▼▼▼
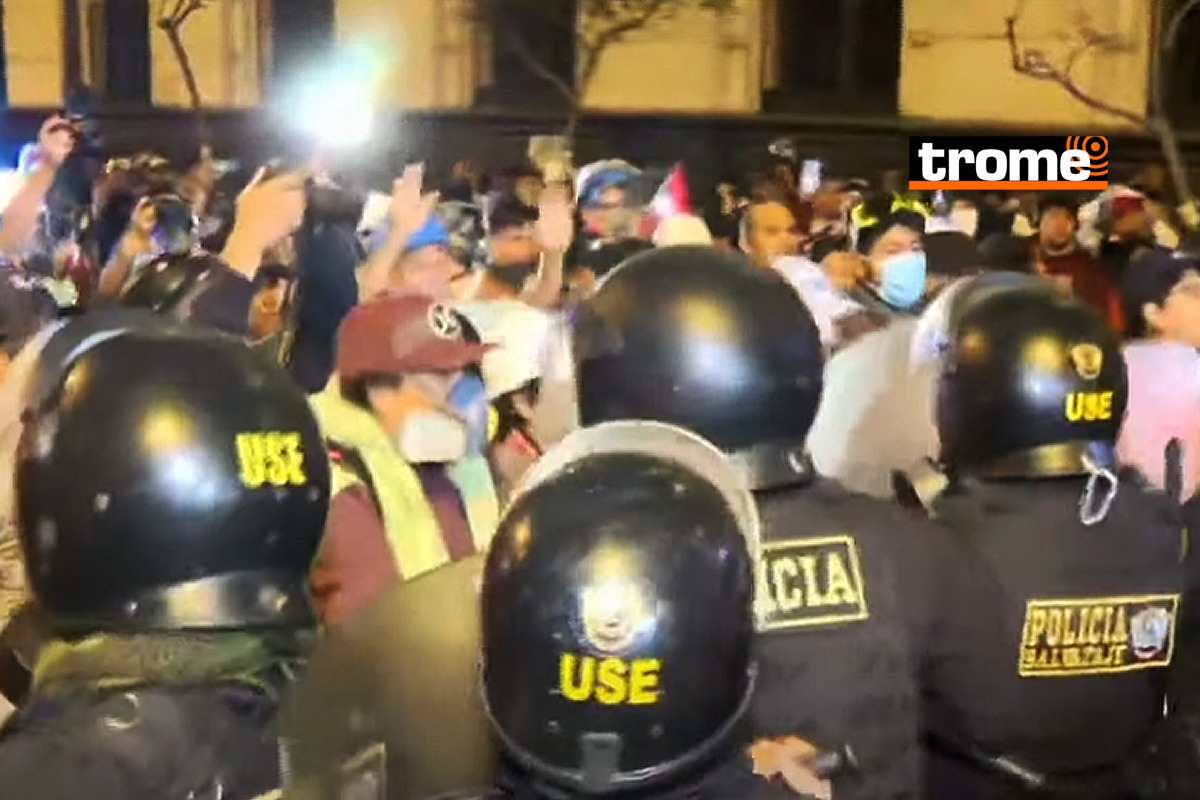 Un gran número de manifestantes se enfrentó con la Policía en las afueras del Congreso.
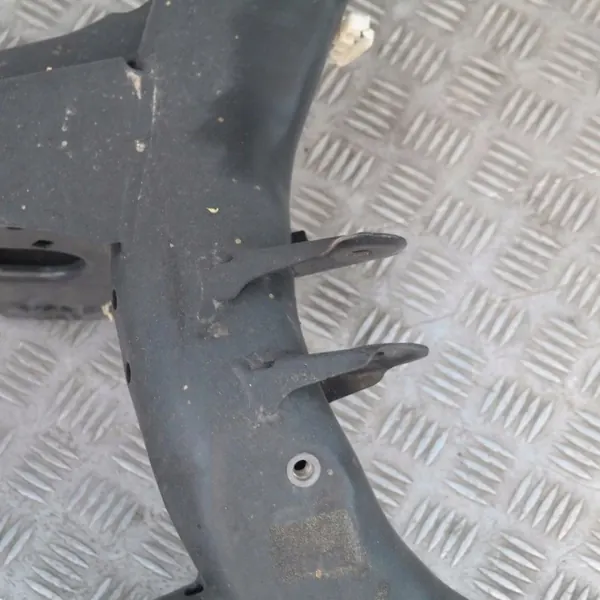 BMW OE 6863637 Achterbalk - Gebruikt image 6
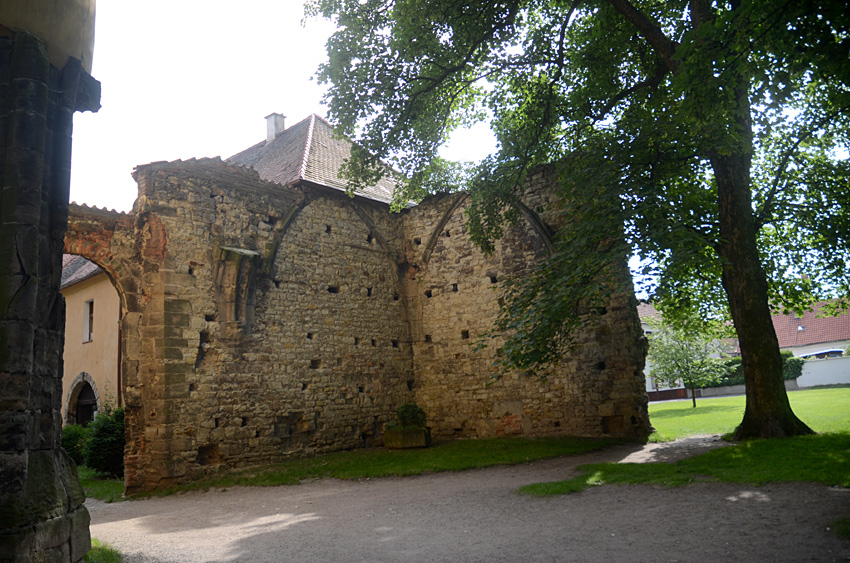 Panenský Týnec - nedostavěný kostel Panny Marie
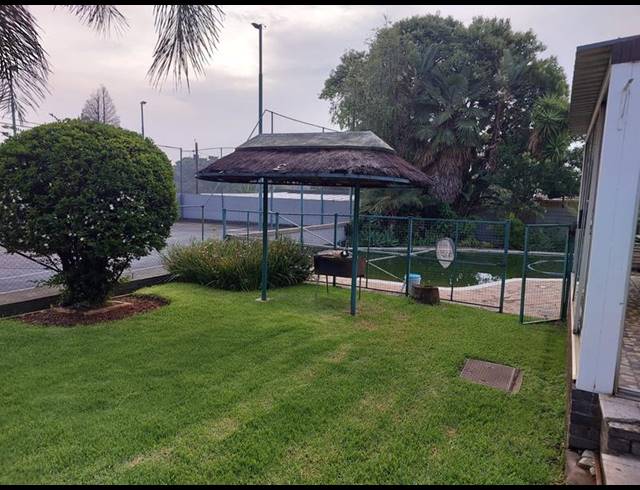 3 BEDROOM PROPERTY TO RENT IN REMBRANDT PARK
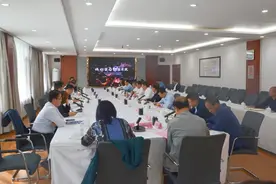 中关村企业家代表团来银考察图片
▲▲▲
§ **Instructions to follow**:
Copy out all the entries exactly. Images stay out of the copy.

§ **Answer to this task**:
 Un gran número de manifestantes se enfrentó con la Policía en las afueras del Congreso.
 BMW OE 6863637 Achterbalk - Gebruikt image 6
 Panenský Týnec - nedostavěný kostel Panny Marie
 3 BEDROOM PROPERTY TO RENT IN REMBRANDT PARK
 中关村企业家代表团来银考察图片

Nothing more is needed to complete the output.